Jul 28, 2011

Kasih Tuhan Tidak Palsu


Di suatu pagi saya sadar kalau sudah tidak memiliki uang. Bahkan seribu rupiah sekalipun. Sebenarnya, di rekening Bank Mandiri masih ada sisah tiga puluh ribu rupiah. Tapi jumlah segitu tak bisa di ambil lewat ATM. Saldo minimal adalah seratus ribu rupiah. 

Biasanya, kiriman dari orang tua cukup untuk sebulan. Tapi bulan itu terlalu banyak pengeluaran. Maklum, saat itu saya masih mahasiswa semester awal di Fakultas Teknik, Universitas Pakuan, Bogor. 

Saat itu saya harus ikut Orientasi Studi dan Pengenalan Kampus (Ospek) . Fakultas kami menyebut STAPAK. Kegiatan ini menyita banyak energi, pikiran dan juga materi. Saya harus lengkapi banyak kebutuhan seperti; sepatu hitam, senter, peluit,  celana kain, dan masi banyak lagi. 

Saya juga wajib bayar uang pendaftaran sebesar dua ratus ribu rupiah.  Dan saat itu (mau tidak mau) ongkos makan harus jadi korban.

Saya bergegas kirim pesan singkat (SMS) ke mama saya di Nabire, Papua. Saya bilang kalau uang makan sudah habis. Juga jelaskan apa yang terjadi di kampus saat aka nada Ospek. Lalu minta tambahan uang makan. Balasannya mama bersedia kirim. 

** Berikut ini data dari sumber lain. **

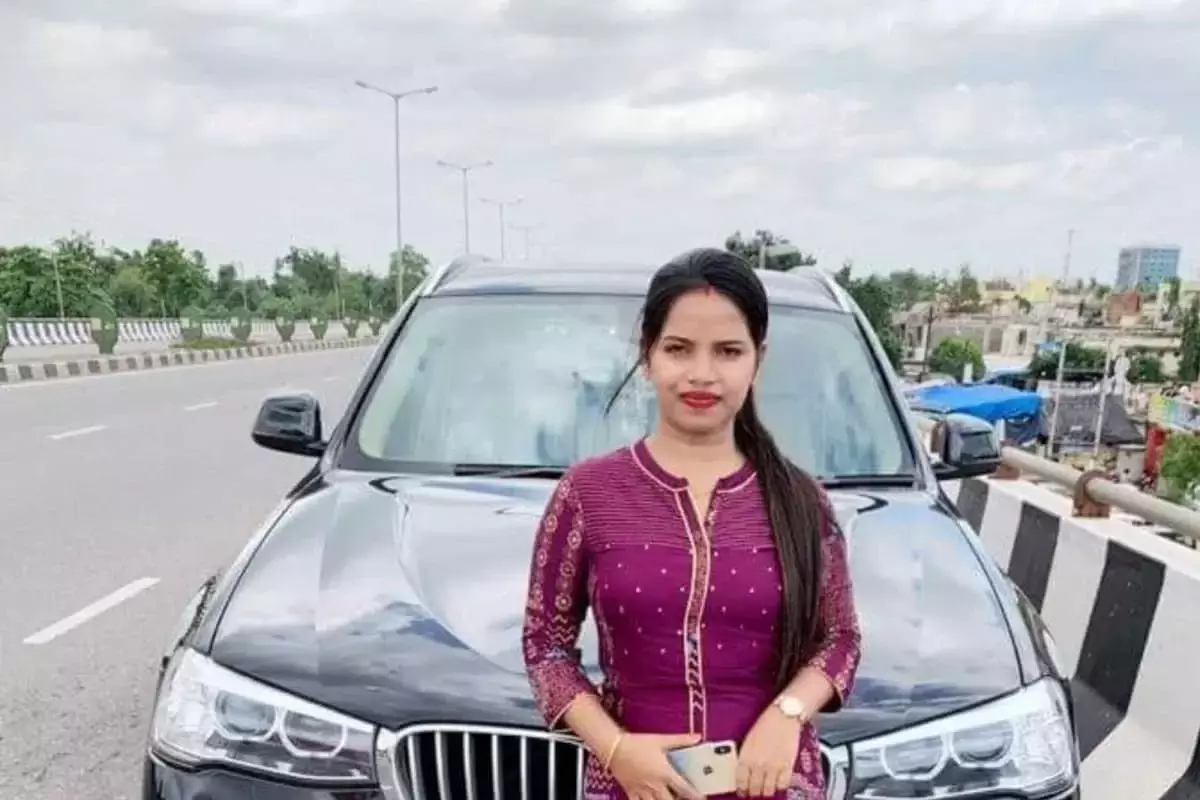 രാഷ്ട്രീയക്കാരനേയും സിനിമ നിർമ്മാതാവിനേയും വ്യവസായിയേയും ഹണിട്രാപ്പിൽപെടുത്തി; യുവതി അറസ്റ്റിൽ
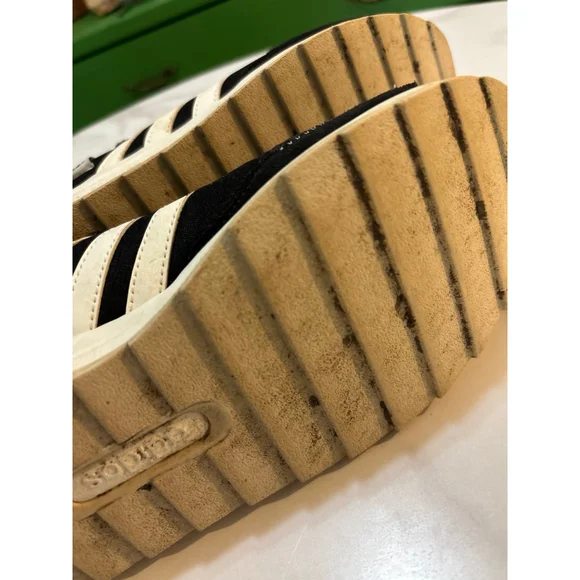 Adidas shoes - Picture 5 of 5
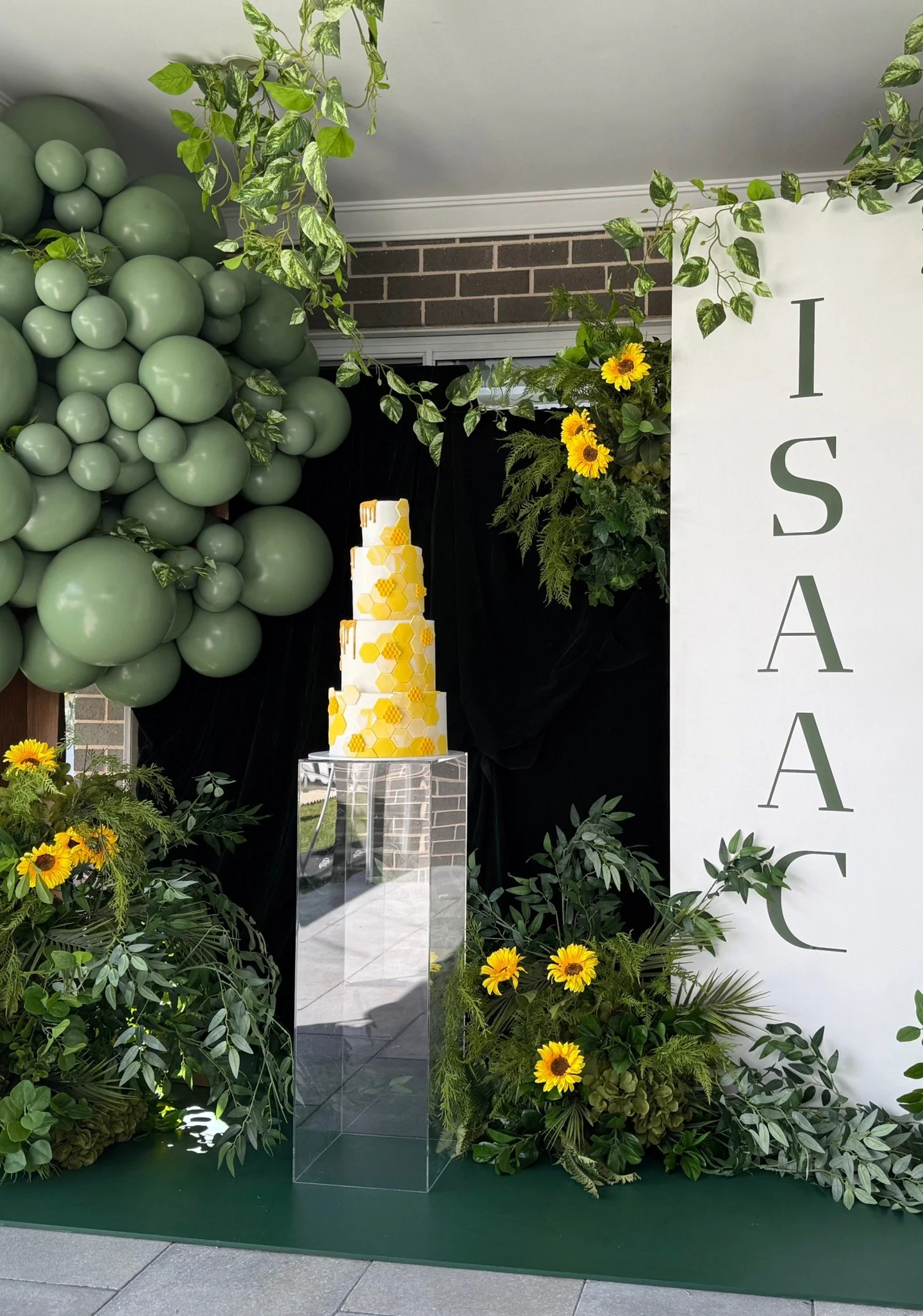 Isaac is one! 🌻🐝 

Styling &amp; event planning by @ivorystonecollective_ 
Party favours @simplethings.byj
Cake &amp; desserts @sweet_tooth_dessertsss
Marquee @marquee_empire
Chairs @starpartyhire 
Jumping castle @peekaboopartyandplay

Enquire now 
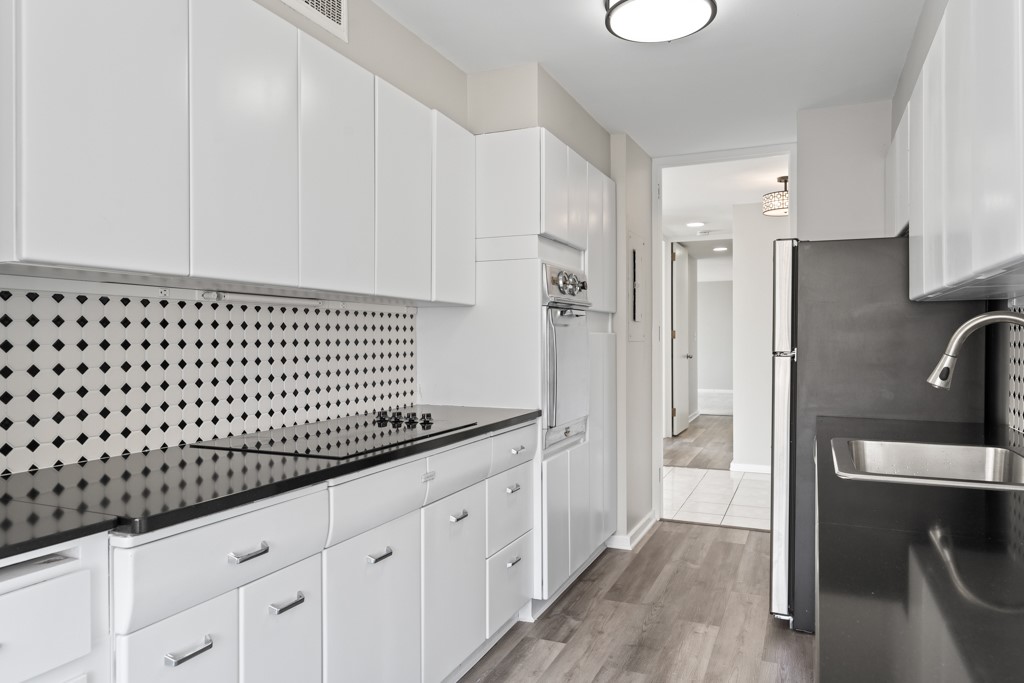 3660 Grand Avenue 520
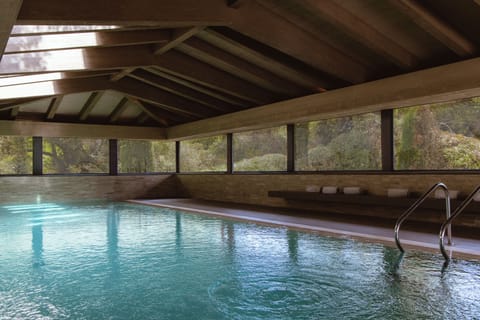 Couples treatment rooms, sauna, hot tub, Turkish bath, body treatments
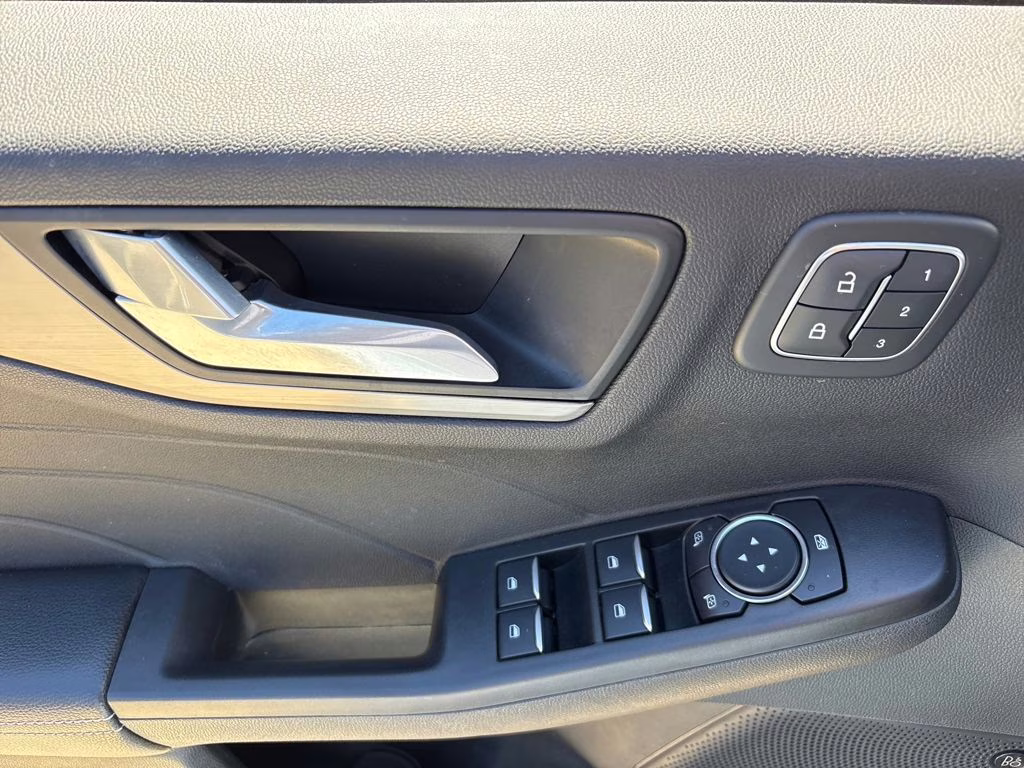 2022 Silver Metallic Ford Escape Plug-In Hybrid Titanium FWD SUV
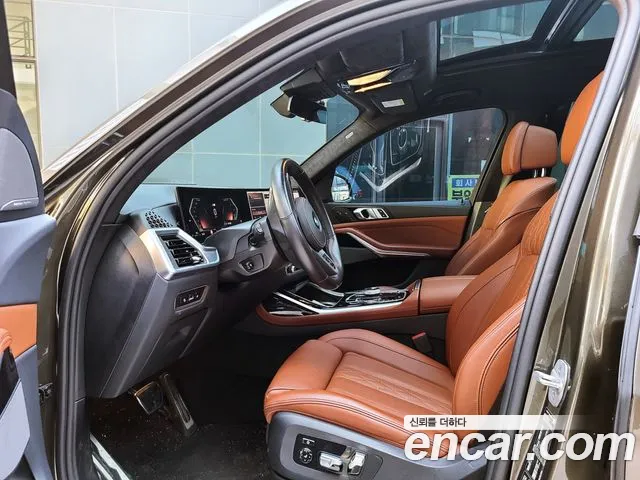 BMW X7 2023 thumb 4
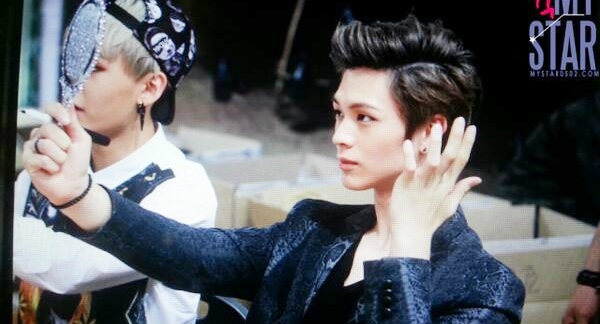 Những sao nam H&agrave;n Quốc "điệu hơn con g&aacute;i" trong sự kiện với fan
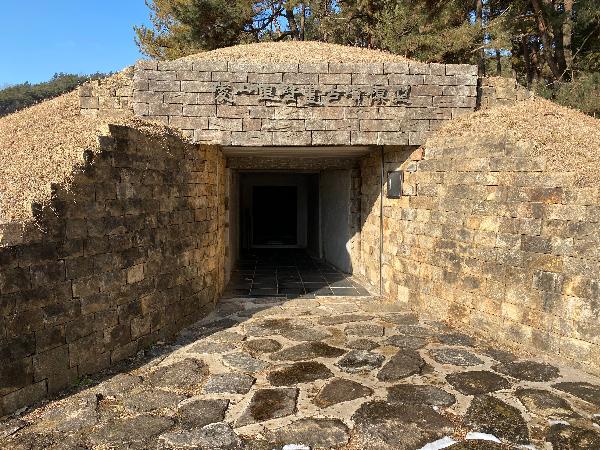 능산리벽화고분모형(陵山里壁畵古墳群模型)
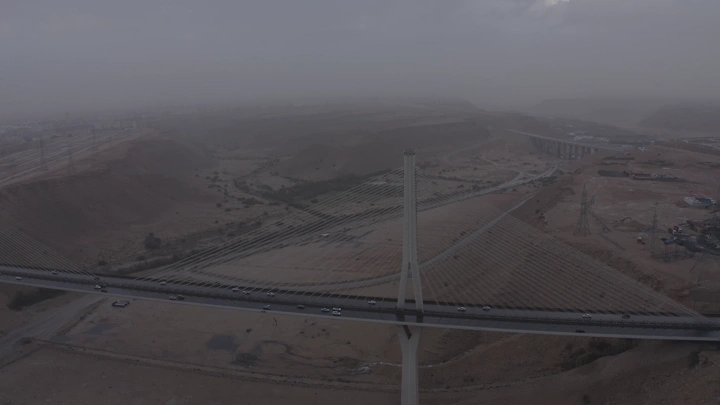 الجسر المعلق في الرياض تحت سماء غائمة، لقطة جوية.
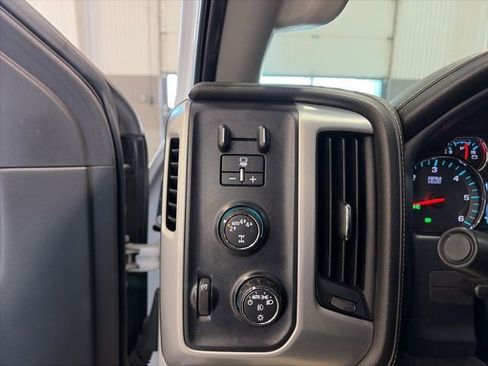 Used 2017 GMC Sierra 1500 SLT image 17
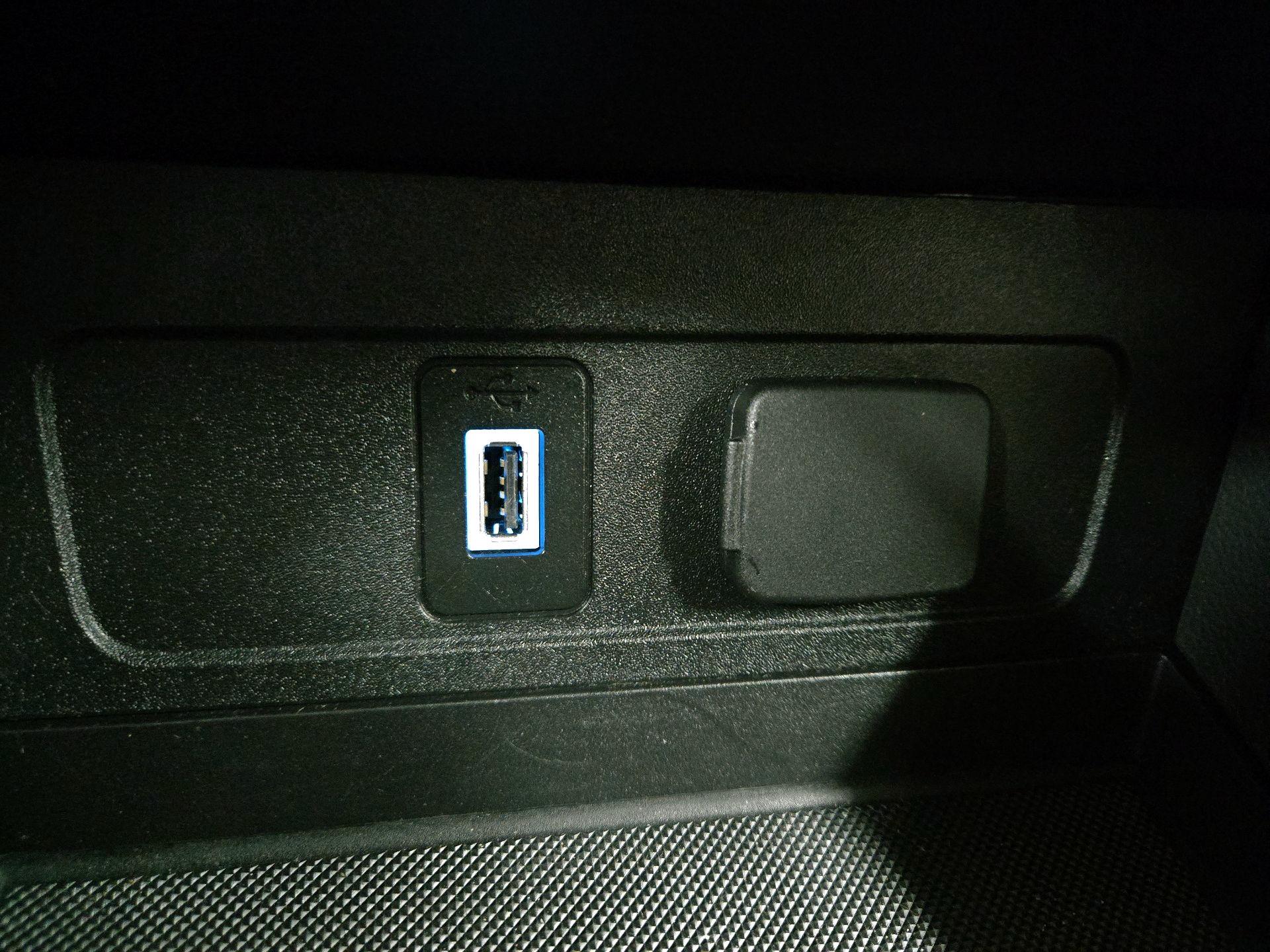 Thumbnail: 2018 Ford Escape - 18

SMS itu saya kirim pagi hari. Harapannya, siang atau sore sudah bisa ada kiriman. Saya tidak terbiasa mengambil bon (utang)  di warung makan. Saya memilih bersabar sambil menunggu SMS dari mama.
Sudah siang hari tak ada kabar. Sudah semakin lapar tapi berusaha tahan. Setelah pulang dari kampus, saya baca buku di kontrakan. Tak terasa saya tertidur pulas. Terbangun di sore hari. Perut suda waita (lapar) sekali. 

Saya langsung meraih handphone yang terletak disamping kiri kepala saya. Berharap ada pesan SMS dari mama. Sayang, SMS tak kunjung ada di pesan inbox.

Dengan badan yang loyo (malas), saya berdiri menuju kamar mandi. Hendak cuci muka. Saya melangkah ke depan kampus, tempat di mana ATM mandiri berada. Kebetulan kontrakan berada tidak jauh dari kampus. Kira-kira jaraknya dua ratus meter. 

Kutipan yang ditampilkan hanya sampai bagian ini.